══ GIVEN DATA
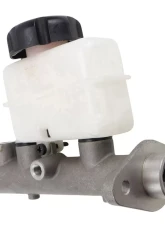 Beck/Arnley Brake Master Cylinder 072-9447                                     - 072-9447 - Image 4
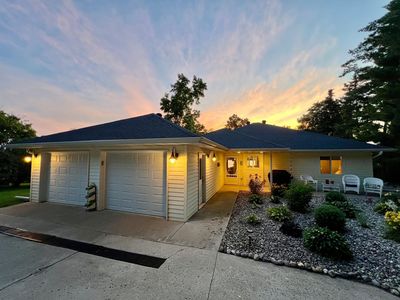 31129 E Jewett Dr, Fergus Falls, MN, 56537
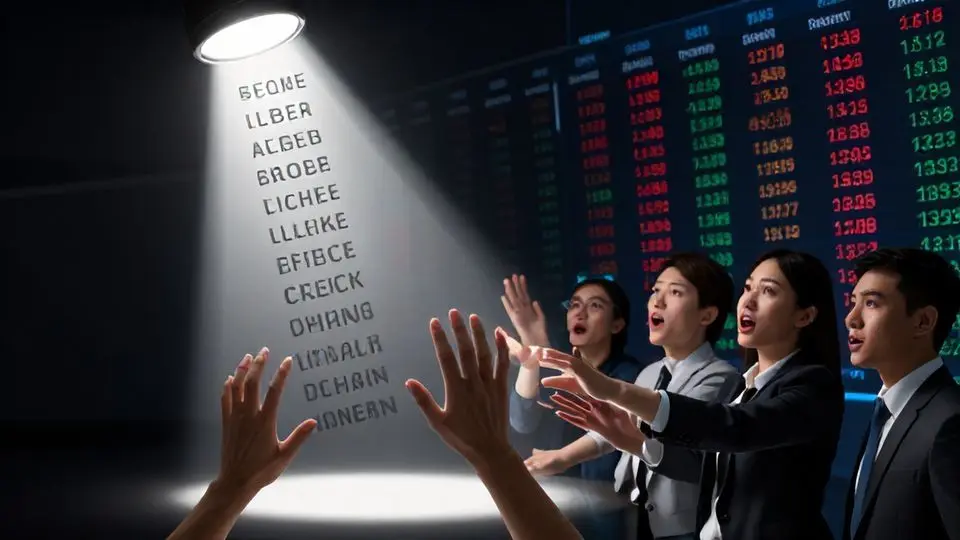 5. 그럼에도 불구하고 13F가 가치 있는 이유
════
→ **WHAT IS EXPECTED**: Everything from the line with "31129 E Jewett Dr, Fergus Falls, MN, 56537" through the last line above should be reproduced exactly, both ends included; pictures must be omitted.

→ **RESPONSE AREA**:
 31129 E Jewett Dr, Fergus Falls, MN, 56537
 5. 그럼에도 불구하고 13F가 가치 있는 이유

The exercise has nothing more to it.